Commissioner Collins announced the hotline and challenged residents to use it on Tuesday during his first press conference since taking office.
“I’ve only been in this territory for a little over a month. I have no allegiances or bonds with anyone. There is nothing to fear with me … My number is 368-7937. It is a phone that only I will have access to and I will answer. This challenge is for exactly one month starting today, the 25th of May,” Collins said.
Not only can the hotline be used to share information on serious crime such as current unsolved murders in the BVI, but it was also created so residents can inform the top cop about any corrupt officers within the Royal Virgin Islands Police Force (RVIPF).
Collins pledged that any allegations brought to him will be investigated.
In accepting that some persons within the RVIPF engage in wrongdoing, Commissioner Collins said he plans to sanction an assessment of the police’s Professional Standards Department.
This department deals with all allegations against police officers.
“I will be looking to review the whole Professional Standards Department that we’ve got within the organisation in terms of the number of staff that we’ve got and the complaints that we’ve got. So, be rest assured that I take professional standards very seriously and I will hold officers accountable under the code of conduct,” the new top cop stated.
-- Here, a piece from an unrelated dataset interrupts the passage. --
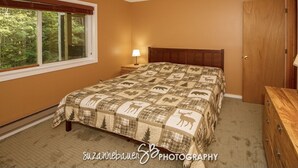 Quarto com cama, mesa de cabeceira, cômoda e janela com vista para árvores.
And while answering questions as to whether an investigation would be conducted into the entire RVIPF, Collins suggested that such a probe would be imprudent and counterproductive.
“I’m not going to commission a wholesale investigation into the whole of the police force … If I’ve got allegations of wrongdoing and issues are brought to my attention, then I will deal with them robustly against the code of conduct for professionalism of the police service,” he said.
A number of RVIPF officers are currently suspended as they are facing criminal proceedings at the local courts.